The Rangers had to fight back from a 16-24 margin through the second quarter caused by some early nerves with Dandenong only hitting 5/20 and 5/16 from the floor in the first half.
The ‘premiership quarter’ belonged to the Rangers – every action led positively to the scoreboard.
Steph Cumming found her bearings to hit two of her textbook step-back jumpers and a long range three-pointer to blitz the Raiders and take a 12 point lead at the last change.
Dandenong continued their run on in the last quarter – Cumming hit her second three-pointer and the icing on the cake came from Alison Downie, going even longer than Cumming’s three-pointers to take an impressive 65-48 win to secure their sixth SEABL championship and become the first SEABL women’s team to win the championship three times in a row.
Amelia Todhunter, 23, led from the front – her 15 points, eight rebounds and six assists in the stat-book and the bruises and court-burn to show as additional badges of honour to earn the best-on-court medal.
“Absolutely amazing,” Todhunter said. “I’m so proud of the girls, the supporters and everyone – the last three years have been the most amazing journey with all the ups and downs.
“I have bruises and court burn but you have to put your body on the line to get the win and we all did and I’m so proud.”
Cumming was exceptional with 14 points, Downie almost had a double-double of 11 points and nine rebounds and helped lock down Knox’s superstar player Amy Denson defensively with Faith Probst and Clare Papavs (nine points each) also providing the necessary experience to help the Rangers to the championship.
Dandenong coach Larissa Anderson was in awe of the team’s ability to hold Knox to a sub-50 score.
“It’s absolutely phenomenal to keep a team as good as Knox to just 48 points, just like we did last week against Geelong,” Anderson said.

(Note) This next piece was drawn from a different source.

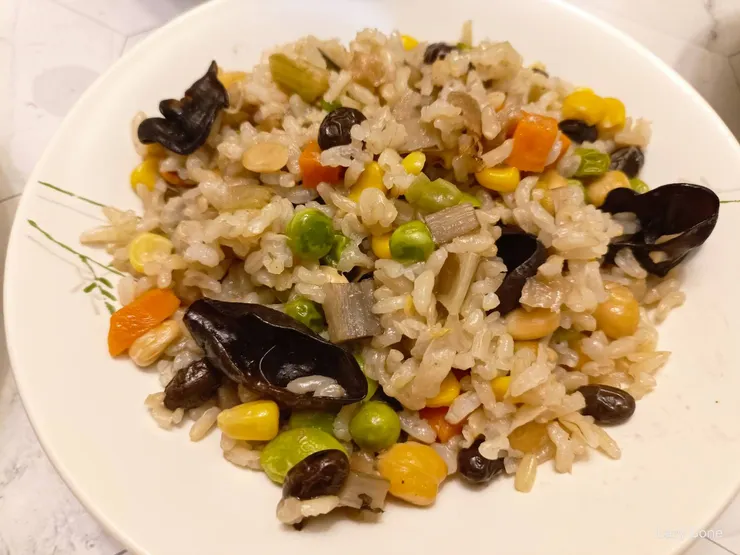 綠花朵蔬食手作──人蔘牛蒡八寶飯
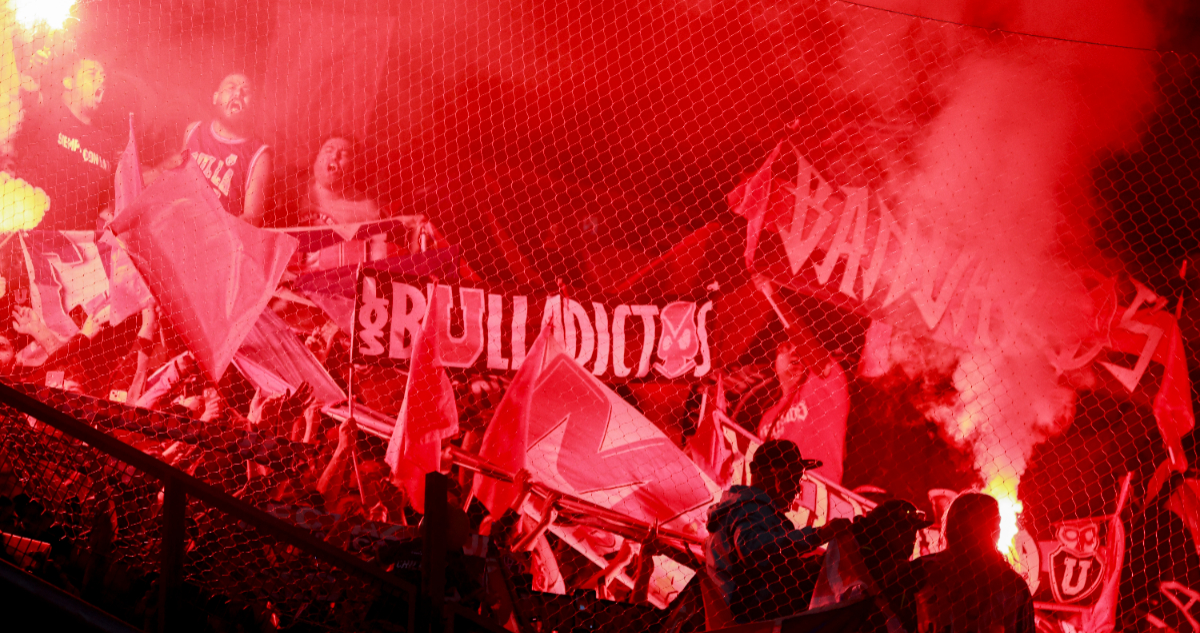 hinchada de La U en Copa Libertadores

“They just played god damned hard defence and I’m so proud of them.
“It was a team effort and that is what this team is and why they are so deserving of their place in history. That is exactly what I said at half-time: “you are the best, now go and make it official”.
Anderson, currently 30 weeks pregnant expecting her second child, is unsure if she’ll return to coach the Rangers for their chance at four-in-four, but was focused on celebrating the championship win before deciding about next season.
“Right now I’m just going to enjoy this one,” Anderson said.
“Then I will step back and figure out what I will do – the baby is due in November, just at the start of pre-season, so it will make it tough, but I haven’t decided yet.
“I’m 30 weeks pregnant and very emotional – I tried to gee the girls up last week and burst into tears.
“I controlled myself today although I don’t know how I would have made it if this was a night game.”
Whatever the composition of the side, on-court or off next season, Todhunter is confident of Dandenong’s chances to make it four on the trot.
“I think it’s really starting to hit us now that six or seven of us have been together for the last three years and I don’t think next year it’s going to be the same,” Todhunter said. “I hope it will be and we can four-peat, but you never know.”
Anderson dedicated the win to Dandenong’s long-serving administrator and junior coach Charles Ryan, who passed away last September.